Task to complete:
Omit the pictures, then reproduce exactly the line bearing "Starpdzesētājs DENSO DIT02002 1" and every line after it up to and including the last line of the entries below.
Dataset entries START
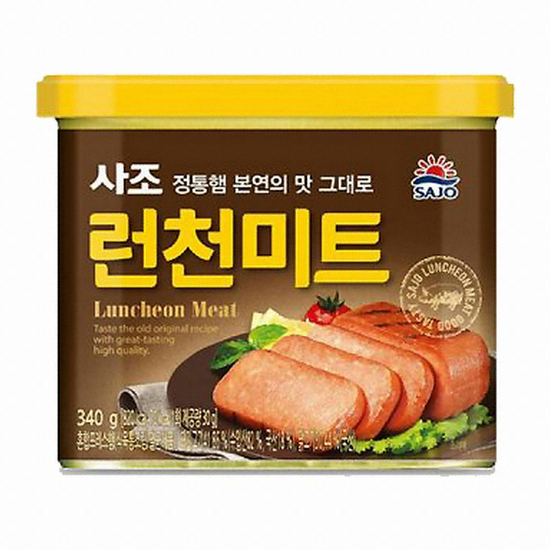 사조대림 사조 런천미트 340g (1개)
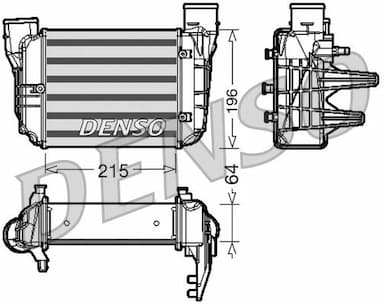 Starpdzesētājs DENSO DIT02002 1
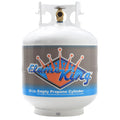 Flame King 20lb Propane Tank LP Cylinder with OPD - We The Collective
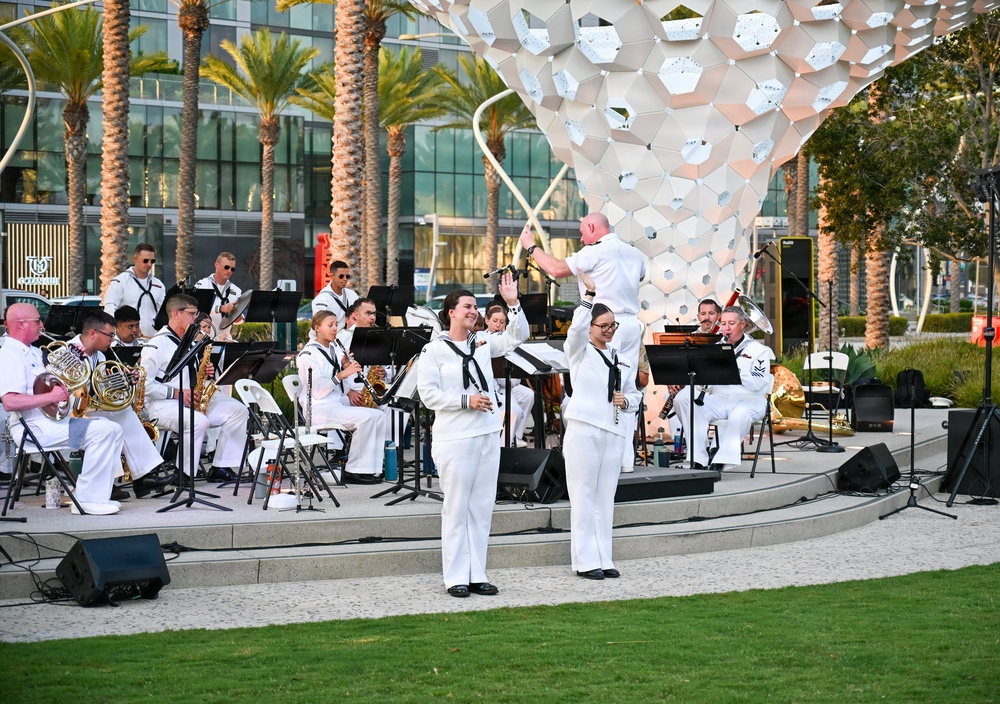 Navy Band Southwest at Progress Park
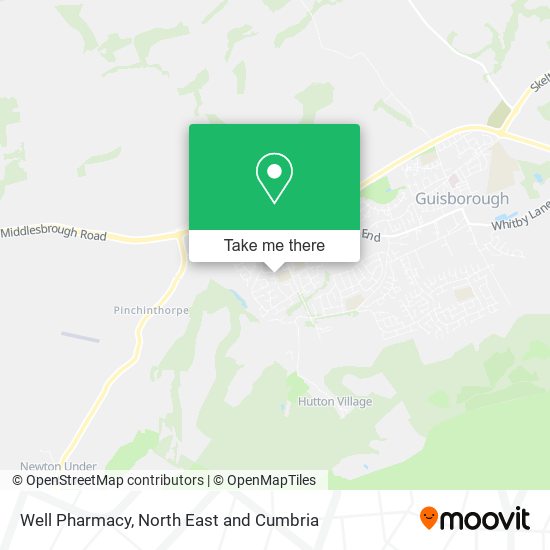 Well Pharmacy map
Dataset entries END
Solution to this exercise:
 Starpdzesētājs DENSO DIT02002 1
 Flame King 20lb Propane Tank LP Cylinder with OPD - We The Collective
 Navy Band Southwest at Progress Park
 Well Pharmacy map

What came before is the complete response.